Concurrent Budget Resolution Proposes Benefit Cuts for Federal Employees

The concurrent budget resolution passed in the House proposes significant changes to federal employee benefits. Here is a quick summary.

Several proposals that would directly impact the current and future income of federal employees are still alive and kicking in Congress.

A proposal to require higher retirement contributions by federal employees was directly addressed under the Obama Administration with report of the National Commission on Fiscal Responsibility and Reform. The philosophy and some of the Commission’s recommendations have now made it into the Report on the Committee of the Budget for the House of Representatives.

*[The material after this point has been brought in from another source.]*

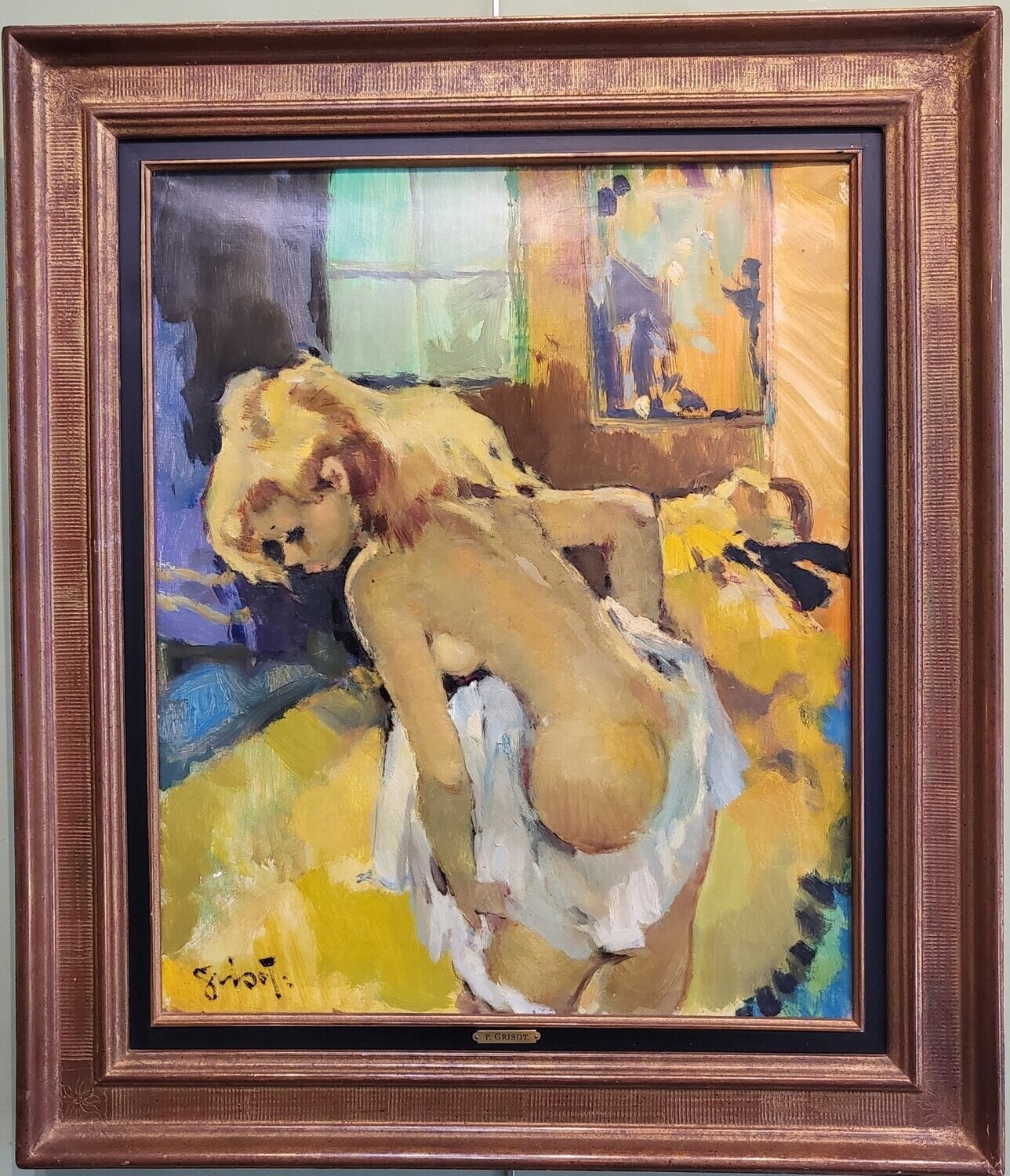 HST Pierre Grisot (1911-1995) (Vendue)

The House passed the 2018 Concurrent Budget Resolution on Thursday, October 5. The House Report of the Committee on the Budget accompanies this resolution and outlines the proposed changes to federal benefits.

Before reading the proposed changes, keep in mind that this is a report with numerous proposals. They are not the final budget. It is still in the early stages of the budget process. While the proposals are still in play, what is actually contained in the budget that emerges from Congress for fiscal year 2018 is likely to be different.

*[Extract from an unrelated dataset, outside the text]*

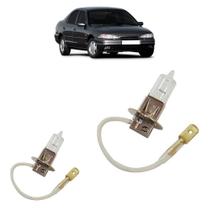 Par Lâmpada Automotiva Halógena Mondeo 1994 1995 1996 1997 1998 H3 55W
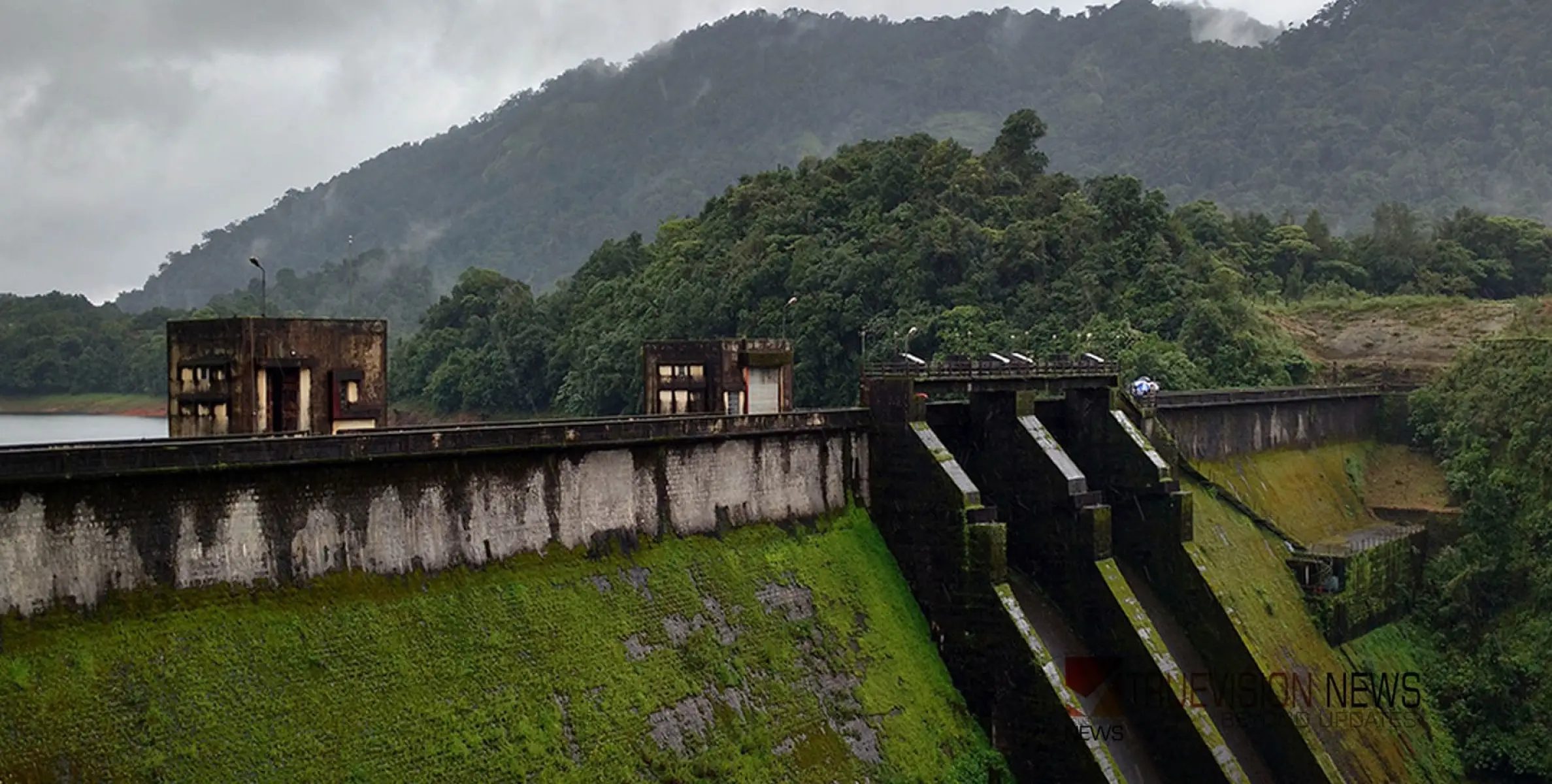 #heavyrain | ശക്തമായ മഴ; കക്കയം ഡാമില്‍ ജലനിരപ്പ് ഉയരുന്നു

In effect, the House of Representatives has taken a big step in overhauling the U.S. tax code by approving the fiscal 2018 budget resolution. This resolution is intended to make it easier to pass a tax reform package. It will now be sent to the Senate which is likely to have its own ideas on the budget.

Here are some of the items to watch that would impact the federal workforce.

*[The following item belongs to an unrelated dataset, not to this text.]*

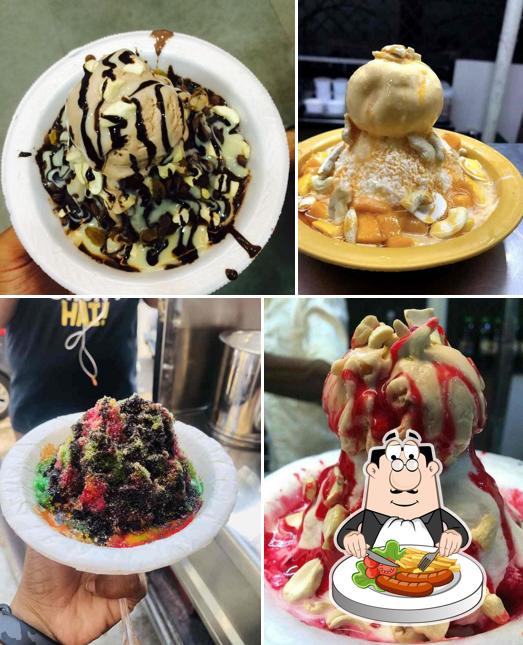 Meals at Takdir Ice World
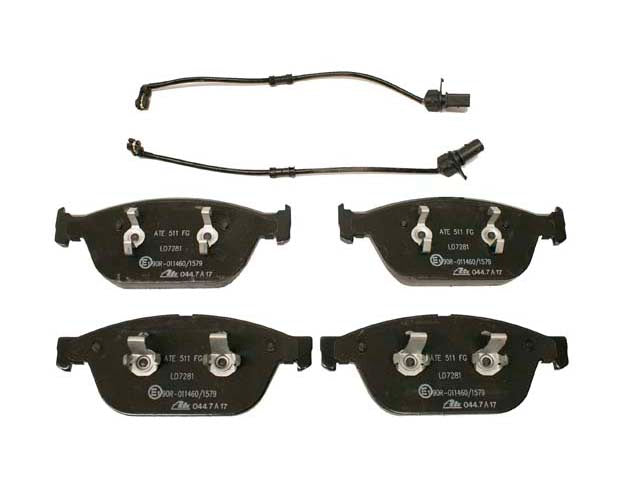 ATE CERAMIC Brake Pad Set - LD7281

Reform Civil Service Pensions

The policy proposed by former President Obama’s National Commission on Fiscal Responsibility called for Federal employees to make greater contributions toward their own defined benefit retirement plans.

This proposal would also end the ‘‘special retirement supplement,’’ which pays Federal employees the equivalent of their Social Security benefit at an earlier age.

According to the Committee Report:

This would achieve significant savings while recognizing the need for new Federal employees to transition to a defined contribution retirement system. The vast majority of private sector employees participate in defined contribution retirement plans. These plans put the ownership, flexibility, and portfolio risk on the employee as opposed to the employer.

Similarly, Federal employees would have more control over their own retirement security under this option. President Trump’s fiscal year 2018 budget calls for a phased-in increase to contributions federal employees pay into the Federal Employee Retirement System so that both employees and the government are contributing an equal amount.

Terminate Separate Benefit and Payscales for Financial Regulators

Under current law, employees at the Federal Board of Governors and the Consumer Financial Protection Bureau have a separate retirement benefit arrangement. The fiscal year 2018 budget calls for a uniform system across the Federal Government and recommends these two agencies begin participating in the Federal Employees Retirement System (FERS) and the Thrift Savings Plan (TSP).

The Report also calls for making all financial regulators subject to Congressional oversight rather than setting their own budgets through money these agencies collect from the industries they regulate. These agencies include:

  • Federal Deposit Insurance Corporation,
  • National Credit Union Administration,
  • Federal Reserve Board of Governors [the Fed], and
  • the Federal Housing Finance Agency.

Some of these agencies have the highest salary scales among Federal agencies. (See, for example, Top 10 Agencies With Highest Federal Employee Salaries and Individual Awards) The committee report also addresses this issue.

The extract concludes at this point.